Tam Nguyen Photography

New York Beauty and Fashion Photographer

DSLR Mirror Vibration Shown Using a Laser Pointer

Posted on May 2, 2011 in Photography, Tips

DSLR Mirror Vibration Shown Using a Laser Pointer

How much does a camera vibrate due to your finger pressing the shutter or the mirror flipping? Camera Technica decided to conduct a test by strapping a laser pointer to the hot shoe of a Canon 7D. They then filmed the red dot on a far wall against some text while shooting normally (i.e. pressing the shutter with a finger), using a remote shutter release, and finally with a remote shutter as well as mirror-lockup.

You might be surprised at how much movement the camera experiences even if the shutter is pressed carefully.

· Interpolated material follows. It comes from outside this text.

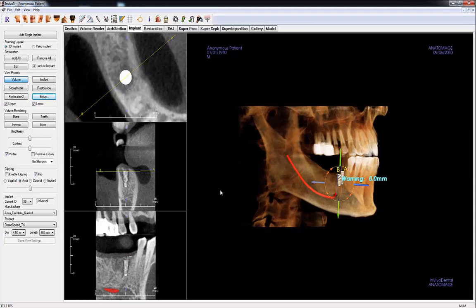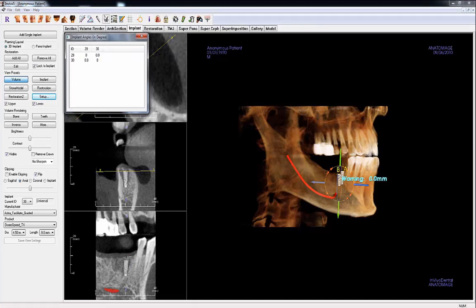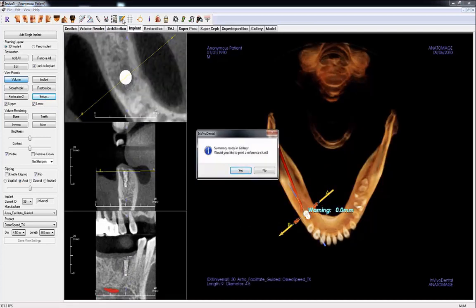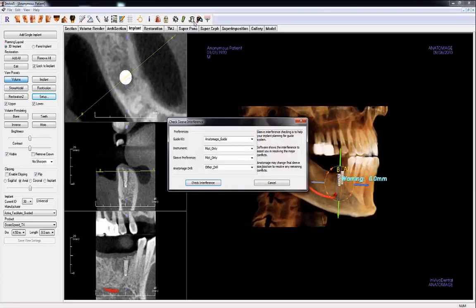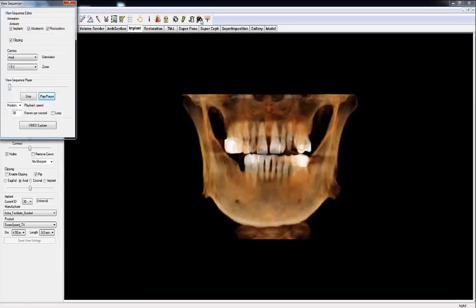In the toolbar, the Implant Angle dialog shows a summary of the angles between every implant. Create Summary captures an image of each implant with implant info in the Gallery tab, and offers to print a report of the implant's spatial positions and a list of implant information for reference and ordering purposes. Check Sleeve checks for any interference between the instrumentation, implants, and sleeves. View Sequence generates a preset video showing the placement of implants, abutments, or restorations that can be exported as a video file.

Lesson learned: for the sharpest possible photos, use a tripod, a remote shutter release, and the mirror-lockup feature on your camera.


  1. Manually pressing the shutter button is by far the most significant cause of vibration during image capture.
  2. In order for mirror lock-up to be worthwhile, the camera must be on a tripod with remote shutter attached.
  3. Mirror vibration can be significant in some circumstances.  For slow shutter speeds, significant degradations in image quality were noted.
  4. For fast shutter speeds, mirror vibrations seem to have negligible impact.
  5. For some newer cameras, live-view mode may be a better alternative to mirror lock-up.  By definition, the mirror will already be locked up to enable a live view of the light hitting the sensor.